# [Supplied records]
Start of Block

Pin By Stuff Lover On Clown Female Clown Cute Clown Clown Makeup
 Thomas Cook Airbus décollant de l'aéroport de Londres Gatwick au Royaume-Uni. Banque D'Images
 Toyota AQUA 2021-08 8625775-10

End of Block
Start of Block

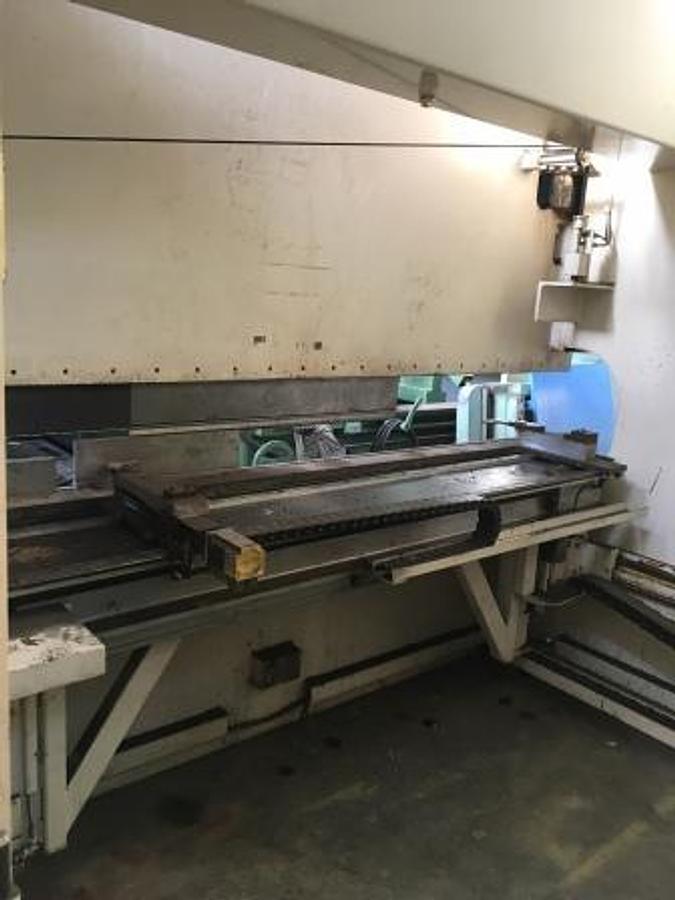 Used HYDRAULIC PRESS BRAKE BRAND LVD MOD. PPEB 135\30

End of Block

Please give back exactly the lines of this listing beginning at the line with "Pin By Stuff" and ending with the line with "Toyota AQUA 2021-08 8625775-10", both included, and nothing else.

# [Solution to the exercise]
Pin By Stuff Lover On Clown Female Clown Cute Clown Clown Makeup
 Thomas Cook Airbus décollant de l'aéroport de Londres Gatwick au Royaume-Uni. Banque D'Images
 Toyota AQUA 2021-08 8625775-10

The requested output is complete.